Attackers failed attempts

– Hackers know that customers re-use passwords across multiple accounts. When hackers unsuccessfully try multiple passwords, via guessing, during an attack the account is blocked.

The fact that customers have multiple devices has only compounded the problem. If a customer signs up to a service on their laptop and then wants to access that same service through their phone they are forced to sign in again regardless of the fact that the user has already signed up and registered on their other device.

This leads to lost potential revenue and even abandonment because customers either can’t remember the password off the top of their head or they don’t want to go through the entire authentication process again.

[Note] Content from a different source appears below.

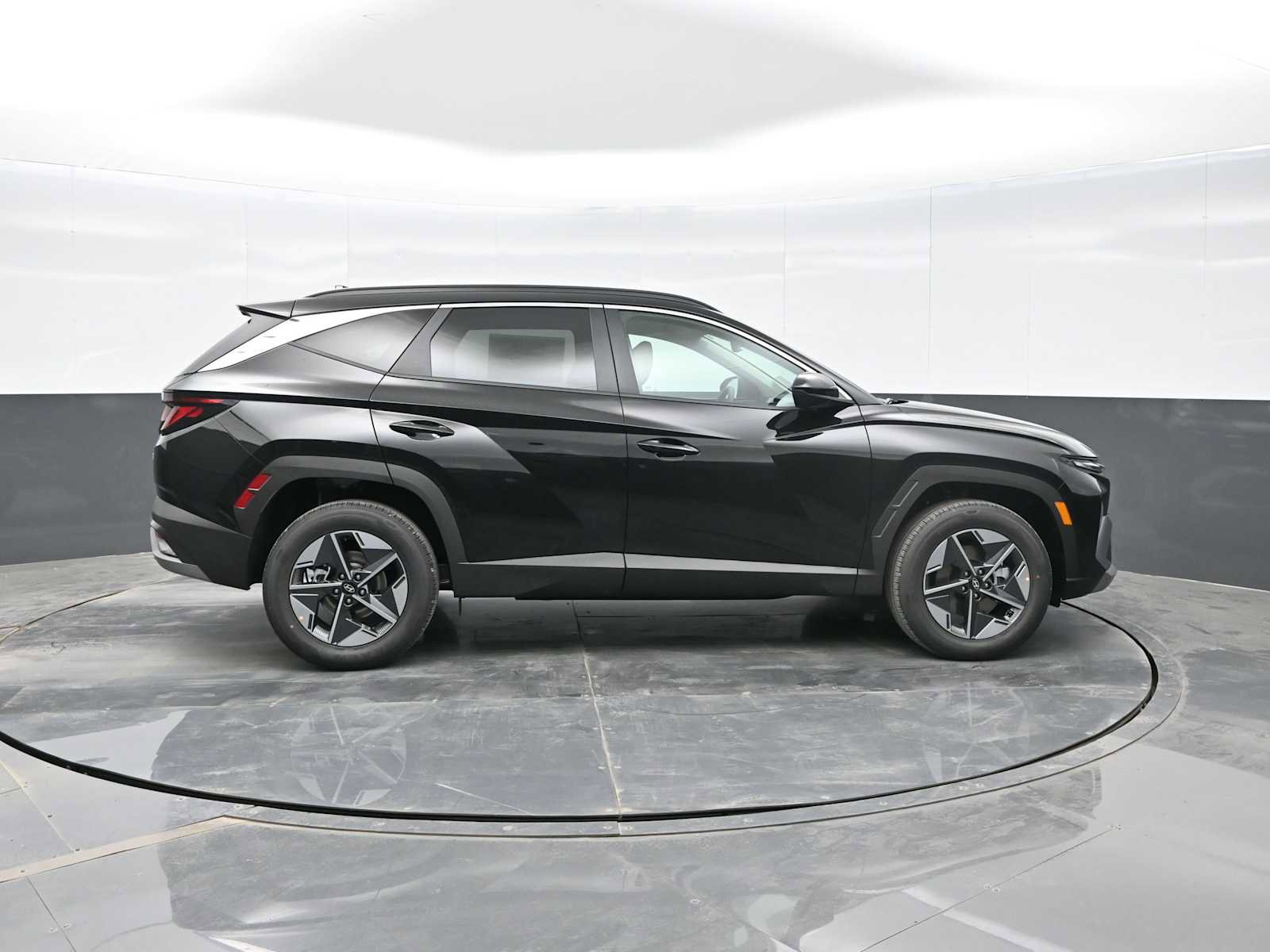 New 2026 Hyundai Tucson SEL image 9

Password sharing impacts business, revenue and security

Customers share their passwords. A lot. In our survey we found that 52% of consumers said they have shared their password to an online account with someone else.

Since passwords are a pain for users to remember, keep track of and maintain, many consumers rarely update their passwords. Meaning, if their password is shared once the likelihood of someone abusing one or more of their accounts is high. And once a password is shared with just one other person there is very little control on how it’s used further. This can implicate businesses directly in the following ways:

Licensing abuse: If users have access to a password for an already paid account they are effectively avoiding paying for a second account (which means less revenue for you as a service provider). Users of services like Netflix or MasterClass, which offer on demand viewing, share passwords freely knowing their experience will be somewhat jeopardized in order to avoid additional payment.

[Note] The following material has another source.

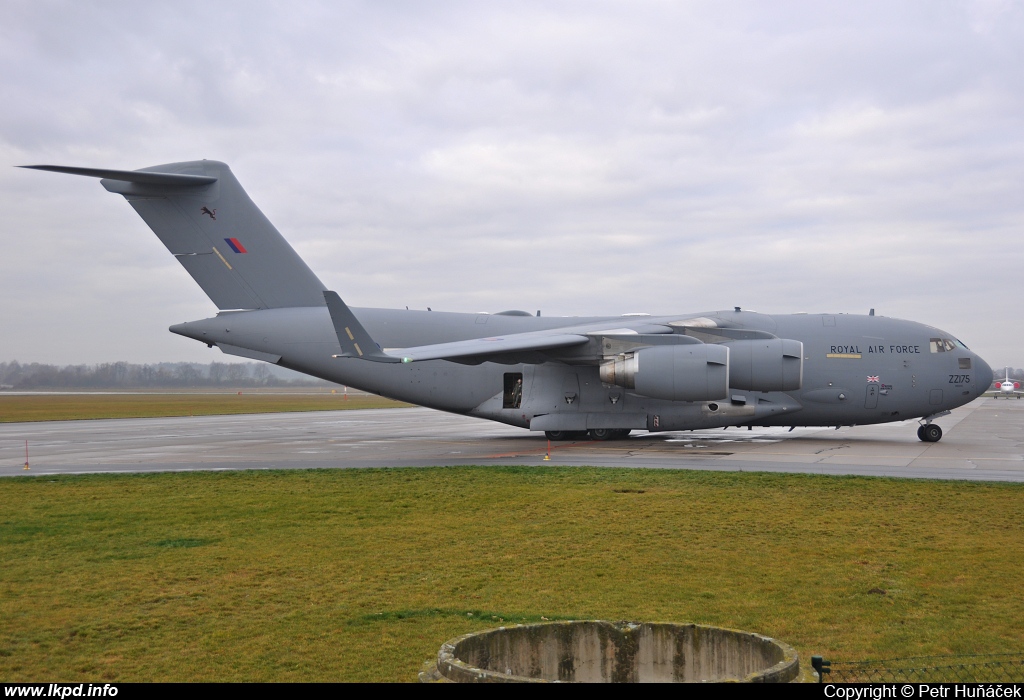 UK Air Force - RAF – McDonnell Douglas C-17A Globemaster ZZ175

Usage monitoring and personalization: If accounts are being shared by multiple users, service providers are less likely to accurately monitor usage and are unable to correctly personalize their offerings – which means their user experience can’t be optimized. The inability to understand their customer directly impacts potential revenue.

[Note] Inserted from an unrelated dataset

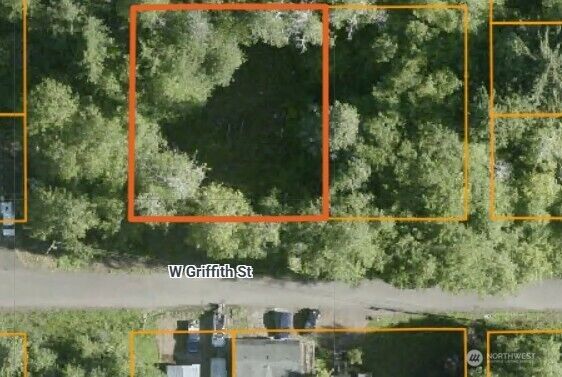 Property Photo:  214 W Griffith Street  WA 98520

With incorrect data, effective targeting becomes impossible as there is no clear picture as to who the actual account holder is. Questions like, what do they like? When are they active? And how can you upsell them all become hidden mysteries. The loss of potential revenue here is enormous (and unfortunate).

Security: Given that 65% of users re-use the same password across multiple accounts (Google) once users share that one password with someone else they are essentially handing over access to multiple accounts they own. Hackers know (and use) this too which is why they are able to successfully hack into multiple accounts of the same user.

The future of authentication

From the information above, a key takeaway is that organizations are losing potential customers and therefore substantial amounts of money due to passwords and complex authentication methods. So what’s the alternative? Passwordless, biometric authentication.

According to the FIDO Alliance, 92% of consumers believe retailers offering on-device authentication care more about their customer experience. This shows that customers are receptive to new, more modern methods of authentication.

As the identity experience company, Transmit security set out to create a solution that enables frictionless identity experiences for customers. Our user-centric solution, BindID, is the industry’s first app-less mobile authenticator — which means no additional software or authenticator apps needed. By integrating FIDO2 certified built-in device biometrics, customers can enjoy reliable and consistent authentication across every device and channel.

By eliminating passwords and replacing them with biometric technology, such as BindID, customers will be able to seamlessly and effortlessly access all their online accounts. Due to this improved identity experience, vendors will benefit from increased customer loyalty which naturally leads to more revenue. With no passwords in sight, the move to biometrics also ends password sharing, account opening frustration and reduces any password-related attacks as there is nothing to ‘steal’.

BindID welcomes the end of poor customer experience and the beginning of seamless and secure online identity experiences.